-- PROBLEM TO SOLVE --
Take the line that contains "BIRDHITCH trademark" and each line after it to the end of the material below, and return them exactly, minus the pictures.

-- GIVEN RECORDS --
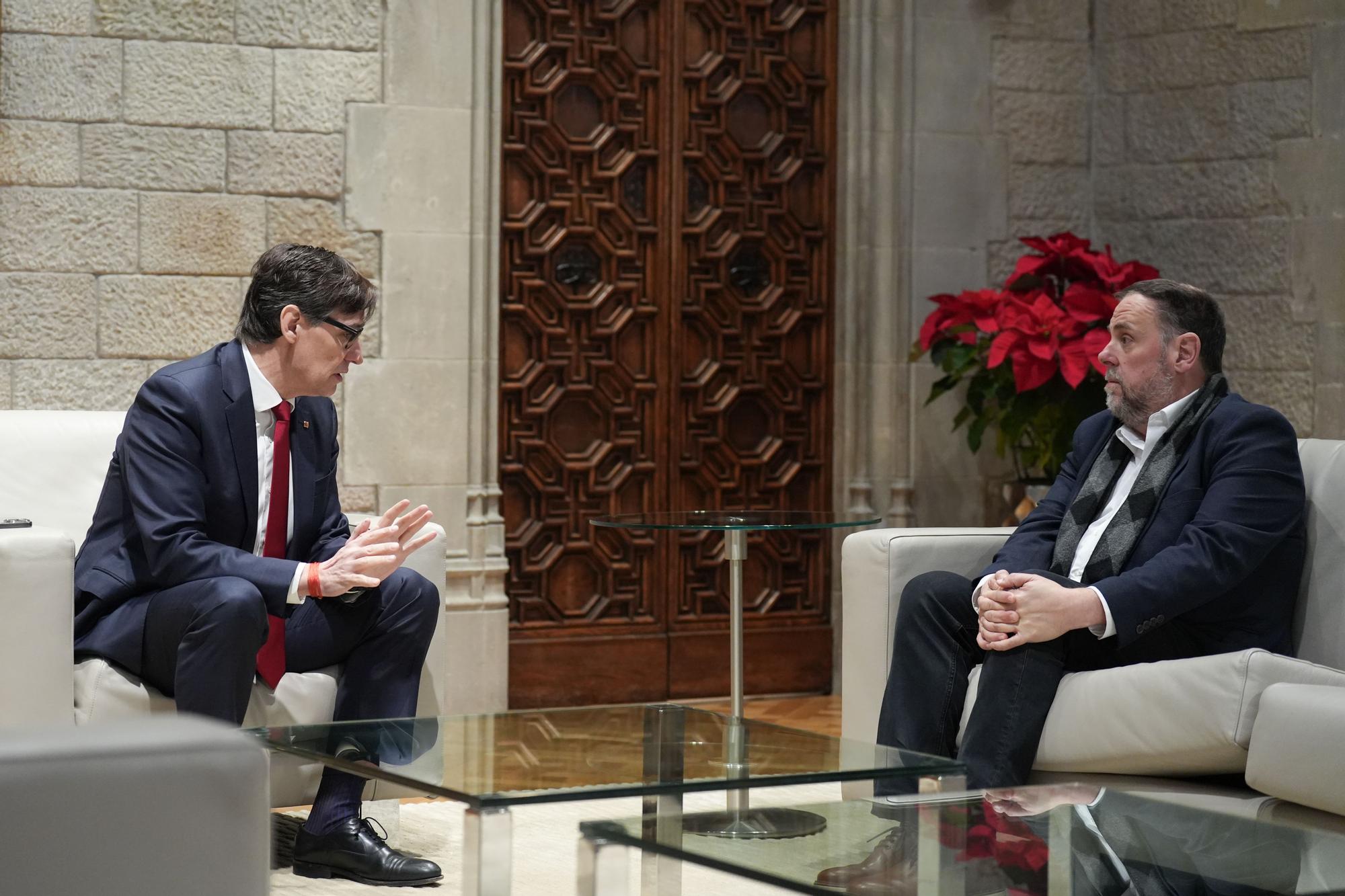 Katalonya Bütçe Krizi Derinleşiyor: Sant Joan Öncesi Anlaşma Umutları Tükendi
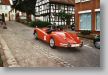 Jaguar XK 140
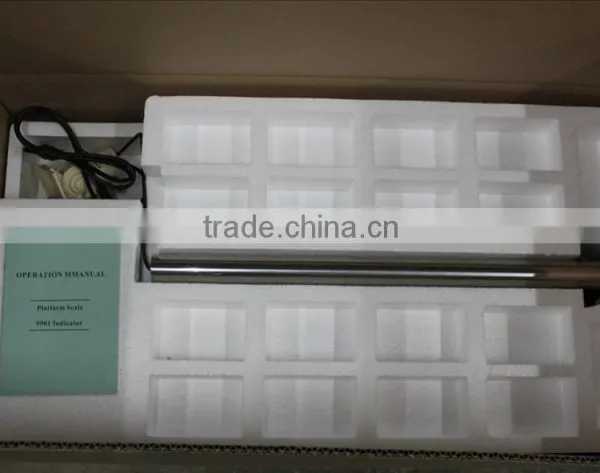 100kg, 150kg, 300kg Weighing Scales photo-3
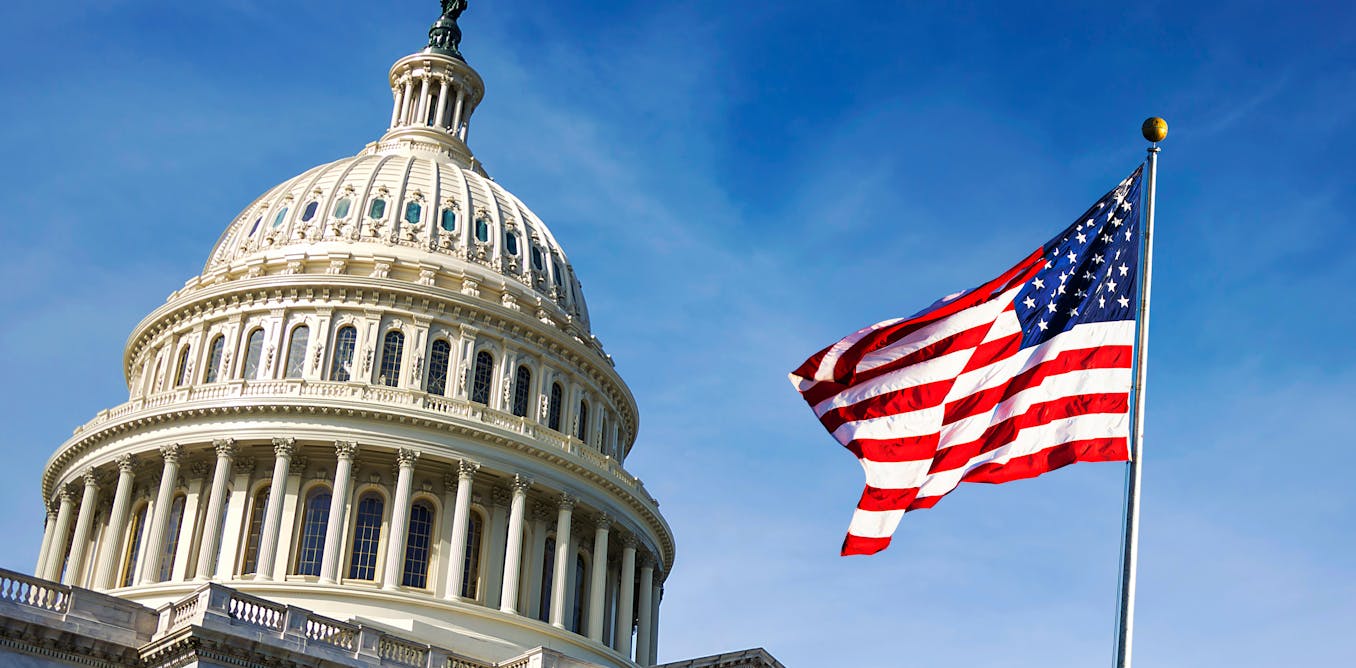 How high can US debt go before it triggers a financial crisis?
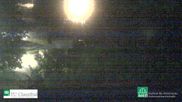 Archiviertes Webcam Bild: Technische Universität Clausthal am 27.08.2026 um 00:47 Uhr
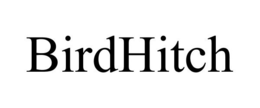 BIRDHITCH trademark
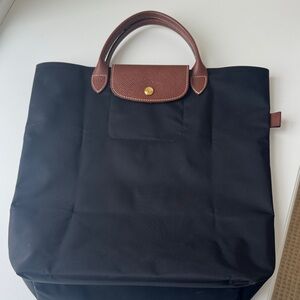 Longchamp Tote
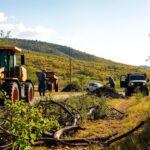 Land Clearing for Schools & Community Centers in Aledo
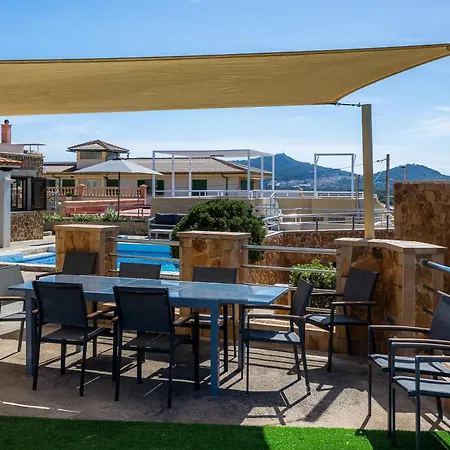 Eolo Capdepera (Mallorca)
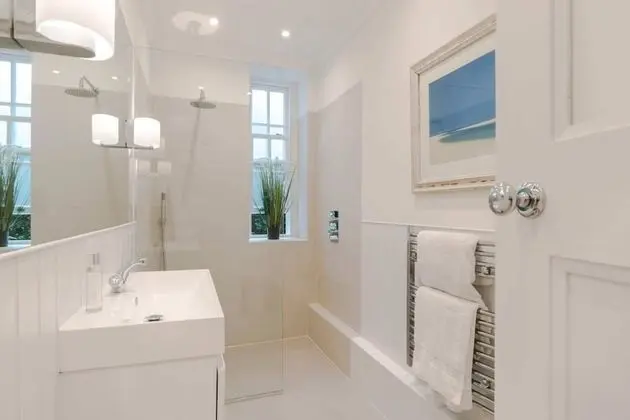 Apart Daire (1 Bedroom)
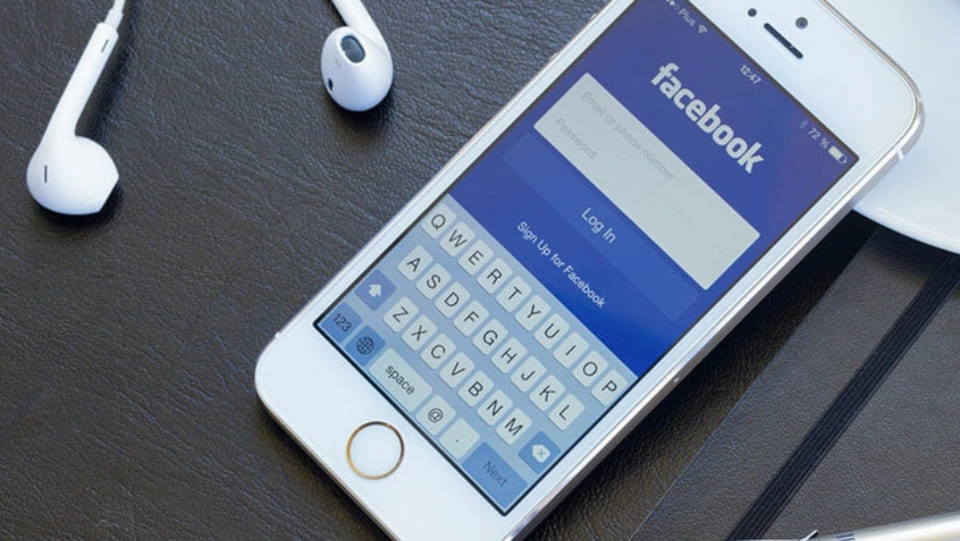 Tải Facebook về máy tính, điện thoại đơn giản 6 Cách đăng ký, tạo tài khoản Facebook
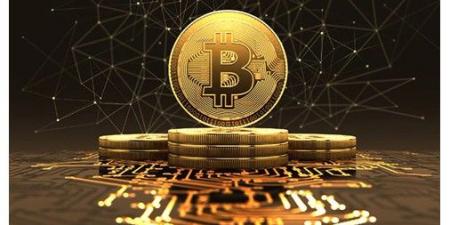 «بيتكوين» لأعلى مستوى في 4 أسابيع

-- ANSWER AREA --
 BIRDHITCH trademark
 Longchamp Tote
 Land Clearing for Schools & Community Centers in Aledo
 Eolo Capdepera (Mallorca)
 Apart Daire (1 Bedroom)
 Tải Facebook về máy tính, điện thoại đơn giản 6 Cách đăng ký, tạo tài khoản Facebook
 «بيتكوين» لأعلى مستوى في 4 أسابيع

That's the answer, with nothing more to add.